TASK MATERIAL:
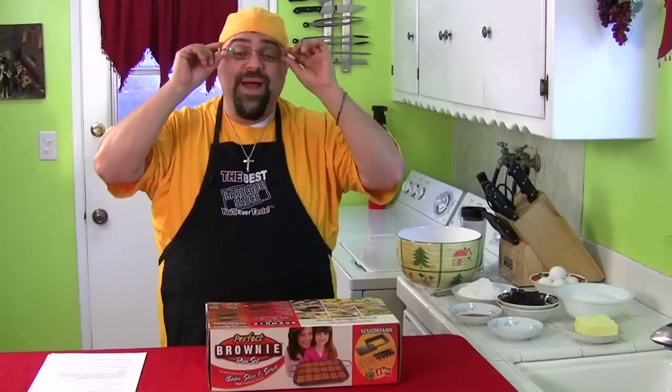Hey, how you doing? Jack Scalfani here and you're cooking with Jack. Welcome back to the show. Today we're going to do a product review — haven't done one in a while, so let's check this out.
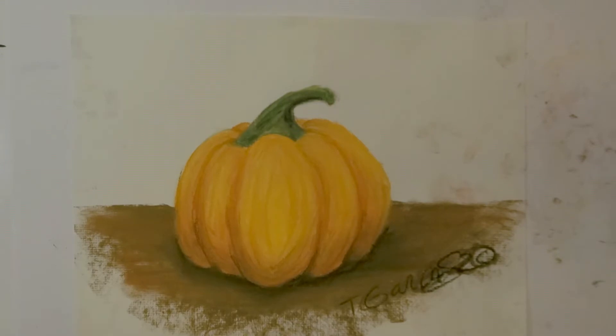Today we're going to learn how to draw out a pumpkin and then fill it in using chalk. The type of paper I'm using is charcoal paper, but you could also do this on white paper.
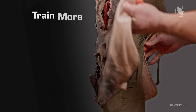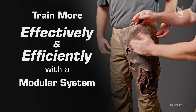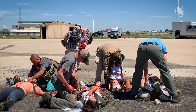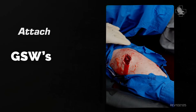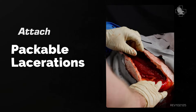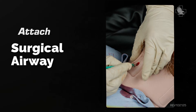Get ready to train more effectively and efficiently with a modular training system you can use to build any crisis scenario. Attach lacerations, GSWs, fractures, knee wounds, packable lacerations, burns, surgical airway, and much more.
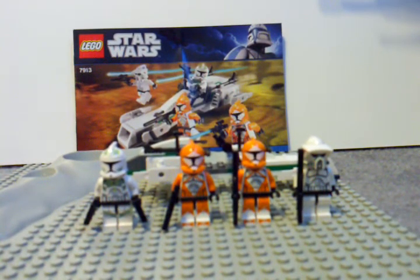Hey guys, I'm doing another Star Wars review, but this time I'm doing Legos. And here I've got the Star Wars The Clone Wars Lego Clone Trooper Battle Pack.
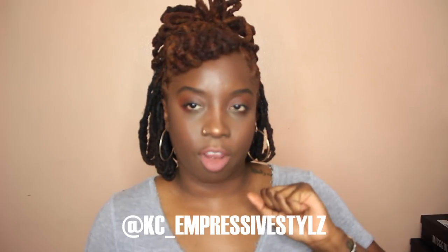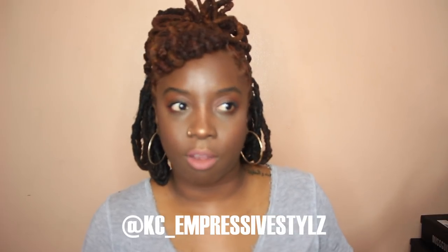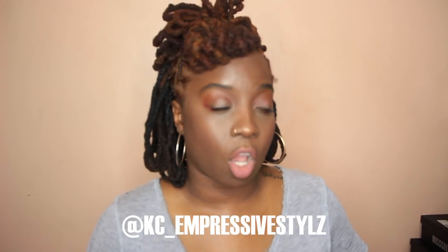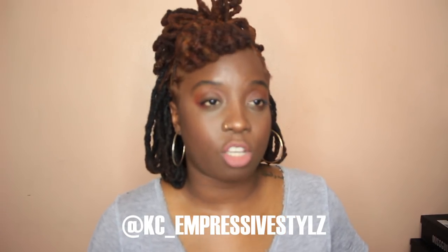Not every day is your birthday — I mean every day can be your birthday — but this was my hairstyle. I gave my hairstylist Casey, she's not only my hairstylist she is my friend. This is her Instagram right here if you want to check her out. If you're in the Brooklyn or New York area and you want to holler at her, she's awesome. She's really the only person I trust with my locks when I want to get them professionally styled or if I don't feel like doing it myself.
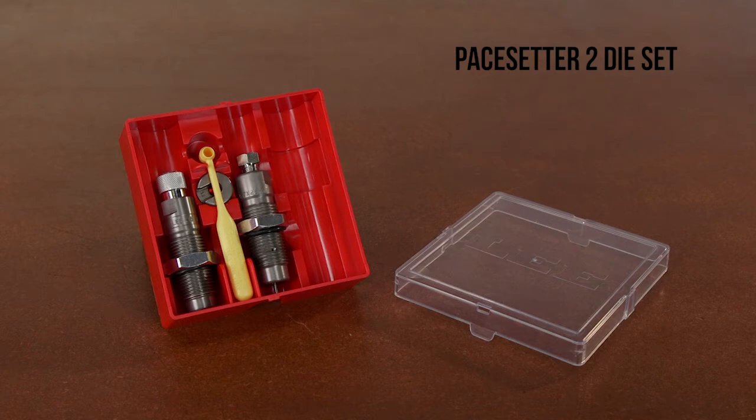A full-length sizing die is included and is a must if you are reloading for more than one firearm or reloading mixed-range brass. The full-length sizing die features a built-in stuck case remover. Others charge nearly $23 for a kit.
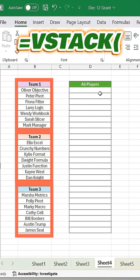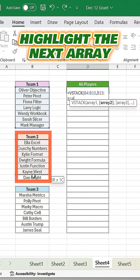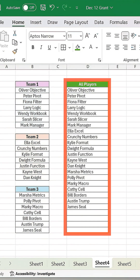Finally, let's stack multiple arrays into one. Type equals VSTACK, open parenthesis, highlight your first array, type a comma, highlight the next array, close it off, and hit enter. Now all your data is combined in one place.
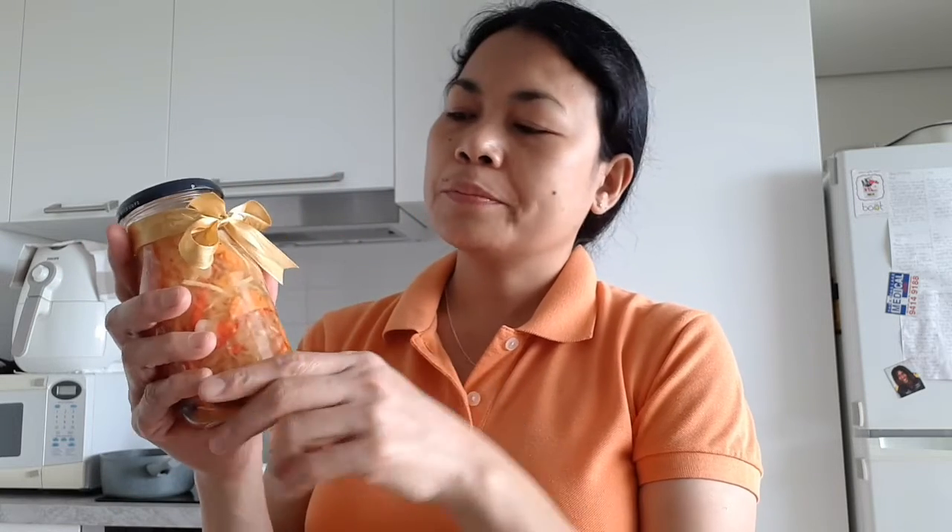Have a look, guys — see? This is just for my own food consumption, but you can also use this as a giveaway for Christmas. It doesn't need to be expensive. Basically, giving a Christmas present is not about how expensive it is — what matters most is the thought that counts.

PROBLEM TO SOLVE: Could you write out the records again exactly, omitting each image?

ANSWER SECTION:
Hey, how you doing? Jack Scalfani here and you're cooking with Jack. Welcome back to the show. Today we're going to do a product review — haven't done one in a while, so let's check this out.
Today we're going to learn how to draw out a pumpkin and then fill it in using chalk. The type of paper I'm using is charcoal paper, but you could also do this on white paper.
Get ready to train more effectively and efficiently with a modular training system you can use to build any crisis scenario. Attach lacerations, GSWs, fractures, knee wounds, packable lacerations, burns, surgical airway, and much more.
Hey guys, I'm doing another Star Wars review, but this time I'm doing Legos. And here I've got the Star Wars The Clone Wars Lego Clone Trooper Battle Pack.
Not every day is your birthday — I mean every day can be your birthday — but this was my hairstyle. I gave my hairstylist Casey, she's not only my hairstylist she is my friend. This is her Instagram right here if you want to check her out. If you're in the Brooklyn or New York area and you want to holler at her, she's awesome. She's really the only person I trust with my locks when I want to get them professionally styled or if I don't feel like doing it myself.
A full-length sizing die is included and is a must if you are reloading for more than one firearm or reloading mixed-range brass. The full-length sizing die features a built-in stuck case remover. Others charge nearly $23 for a kit.
Finally, let's stack multiple arrays into one. Type equals VSTACK, open parenthesis, highlight your first array, type a comma, highlight the next array, close it off, and hit enter. Now all your data is combined in one place.
Have a look, guys — see? This is just for my own food consumption, but you can also use this as a giveaway for Christmas. It doesn't need to be expensive. Basically, giving a Christmas present is not about how expensive it is — what matters most is the thought that counts.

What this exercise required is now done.